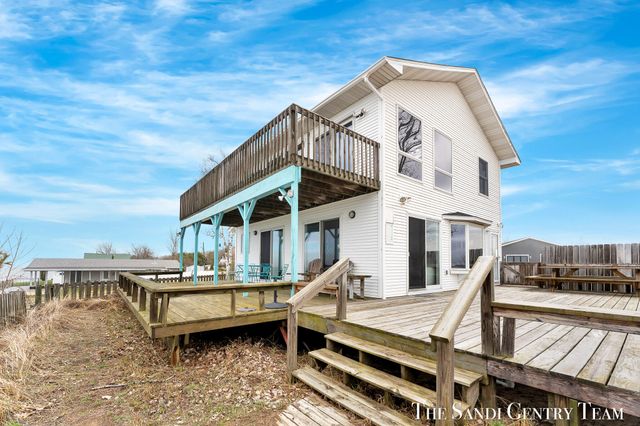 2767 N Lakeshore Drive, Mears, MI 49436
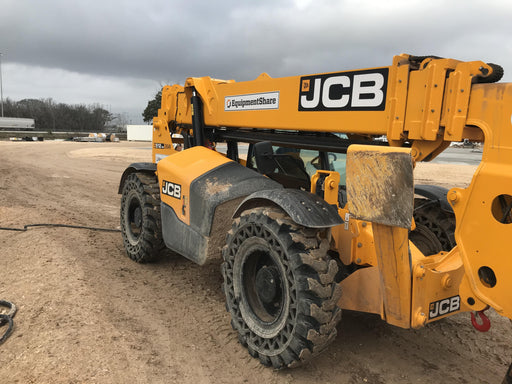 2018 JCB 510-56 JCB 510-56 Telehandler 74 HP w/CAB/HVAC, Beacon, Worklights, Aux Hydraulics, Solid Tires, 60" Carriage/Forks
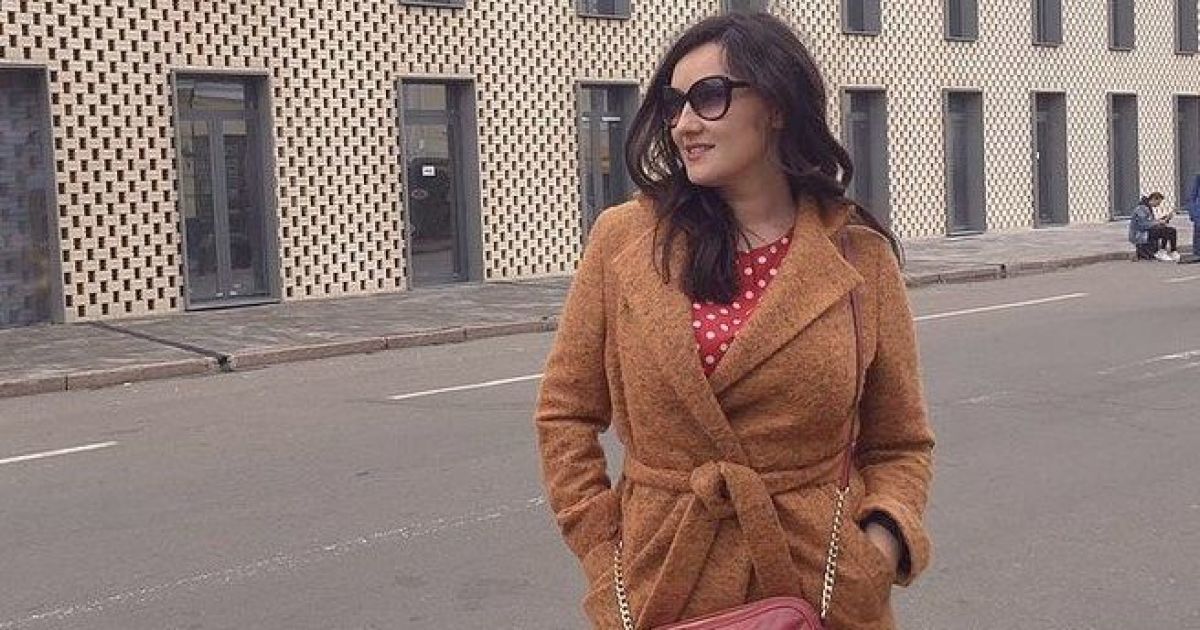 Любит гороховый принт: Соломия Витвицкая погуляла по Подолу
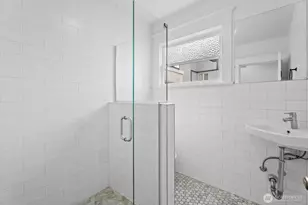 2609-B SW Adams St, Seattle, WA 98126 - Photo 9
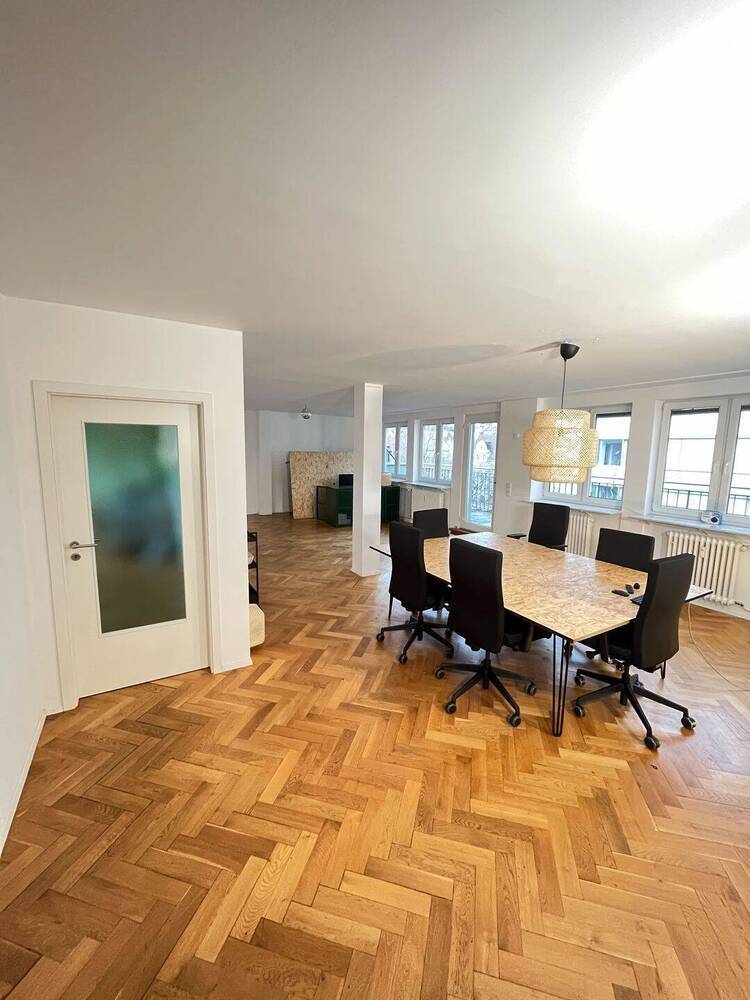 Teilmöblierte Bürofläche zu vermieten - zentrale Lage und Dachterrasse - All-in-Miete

⁂

TO DO →
Pictures are to be left out, and the lines from the beginning of the records through the line with "2609-B SW Adams" are to be printed exactly, with nothing added.

TASK OUTPUT →
 2767 N Lakeshore Drive, Mears, MI 49436
 2018 JCB 510-56 JCB 510-56 Telehandler 74 HP w/CAB/HVAC, Beacon, Worklights, Aux Hydraulics, Solid Tires, 60" Carriage/Forks
 Любит гороховый принт: Соломия Витвицкая погуляла по Подолу
 2609-B SW Adams St, Seattle, WA 98126 - Photo 9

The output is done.